ChrisArchitect•8mo ago
tl;dr

> Much to my surprise, when checking the App Store page, I saw that an update to the app had been approved by Apple only 14 minutes prior. I downloaded the update, tapped upon one of the previously "locked" items, and entered my backup password. Boom, the previously locked 2FA codes were now unlocked and restored, ready for use.

subscribed•8mo ago
I think you missed that part where they subsequently tried to gaslight the user again and told him to do the thing he explained in the ticket he can't.

Or what is the purpose of your comment? :)

ValentineC•8mo ago
Google Authenticator did this to me once before, way back in 2013 [1].

After that, it was vaults that were easily exportable and backed up all the way (like most password managers).

[1] https://news.ycombinator.com/item?id=6325760

bonki•8mo ago
I use KeePass as main TOTP app but migrated from Authy to Aegis (open source, great app) years ago which I use as sort of secondary backup, which also allows you to create backups and import/export data. I sync those off my phone using Syncthing.
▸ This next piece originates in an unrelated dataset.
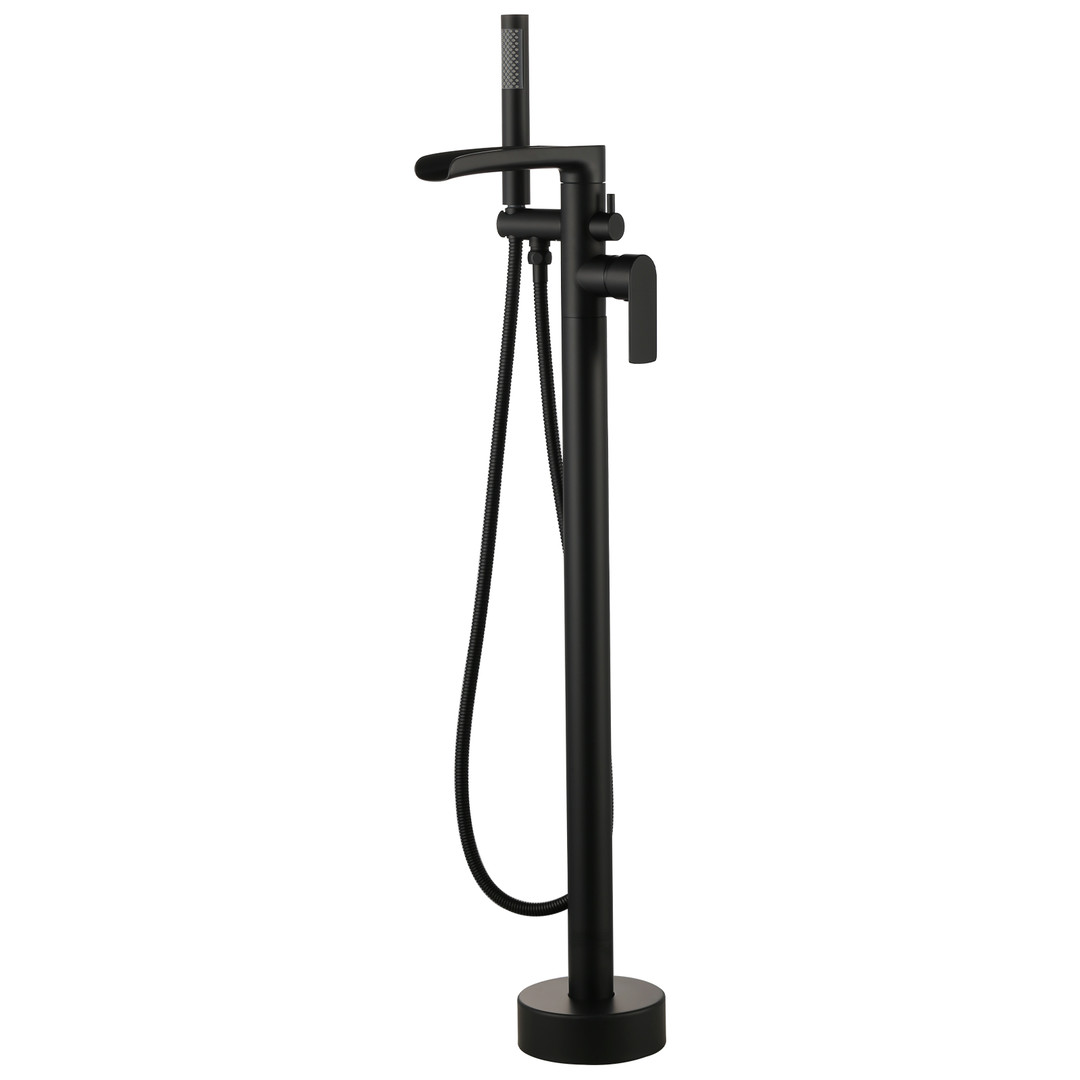 Single Handle Free Standing Bathtub Faucet with Hand Shower in Matte Black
There is absolutely zero reason to use Authy for standard TOTP these days.
subscribed•8mo ago
If not for a backup on the very old, insecure phone, Authy would cut me off from my codes.

They refuse to start the app on GrapheneOS literally because they cannot be arsed, offloading the claim of security of the handset to Google (which says an old handset not patched in the last 8 years is secure, but the most recent, best patched OS is not).
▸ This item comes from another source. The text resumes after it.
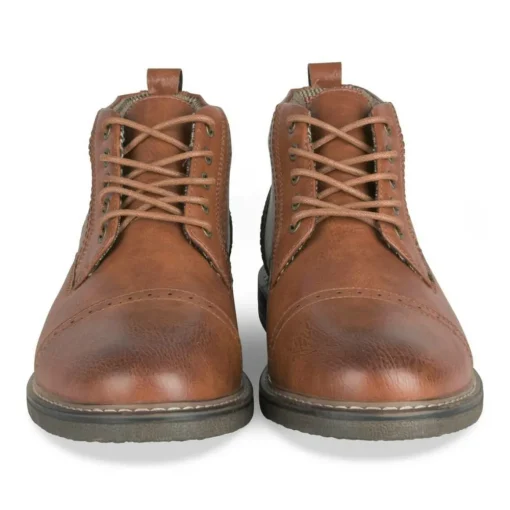 Bottines COGNAC Homme Motif Uni Lacets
When the shit hit the fan Authy even removed the way to export the seeds from the desktop version of the app. Big FU to customers.

Never again.

alyandon•8mo ago
I am so glad I stopped using Authy and (painfully via the desktop extension and some hacking to get my TOTP keys) migrated to Aegis. I eventually moved from Aegis to keeping everything in Bitwarden + self-hosted Vaultwarden.
throwaway230ss•8mo ago
I switched to Ente Auth back when Twilio screwed ppl over by eliminating the desktop application. Literally everything about Ente Auth has a better experience than Authy ever was, even before the incident.
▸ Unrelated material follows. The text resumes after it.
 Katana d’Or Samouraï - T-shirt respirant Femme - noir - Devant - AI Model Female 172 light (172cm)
Highly recommended by a highly satisfied user.

burnt-resistor•8mo ago
Tarsnap should partner with Apple and Google to offer a per-app minimal important data backup API/service to offer revisioned backups (not just replication) of critical data. This is something Tarsnap could offer app developers as an SDK at first, but then gather momentum to be integrated into mobile/dekstop OSes.